## DATA:
»»

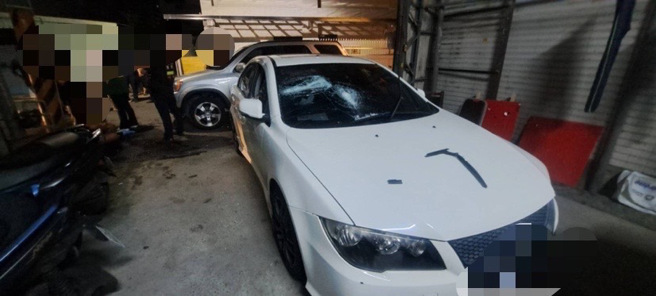 林男不滿堂哥家的車輛亂停，憤而持球棒砸車。（葉庭欣/翻攝）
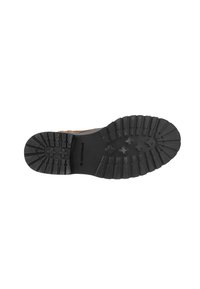 Suela de zapato de goma negra con un patrón de textura en el dibujo y el logo de la marca. Presenta crestas e indentaciones en contraste para mayor tracción.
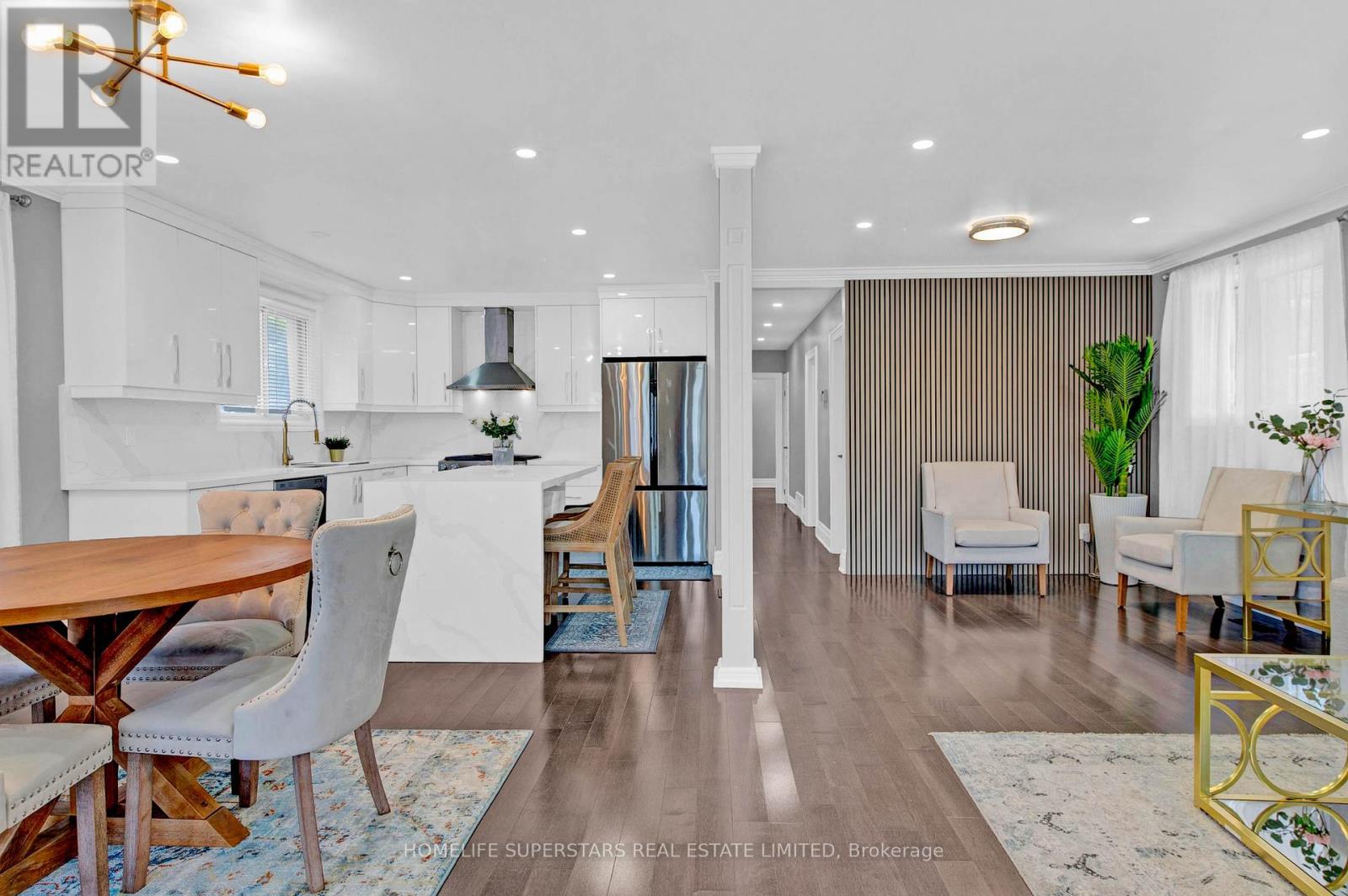 24 Archway Crescent W, Toronto, Ontario  M9M 1V6 - Photo 6 - W12172097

««

## WHAT YOU NEED TO DO:
Drop the images and return the data verbatim.

## REPLY:
 林男不滿堂哥家的車輛亂停，憤而持球棒砸車。（葉庭欣/翻攝）
 Suela de zapato de goma negra con un patrón de textura en el dibujo y el logo de la marca. Presenta crestas e indentaciones en contraste para mayor tracción.
 24 Archway Crescent W, Toronto, Ontario  M9M 1V6 - Photo 6 - W12172097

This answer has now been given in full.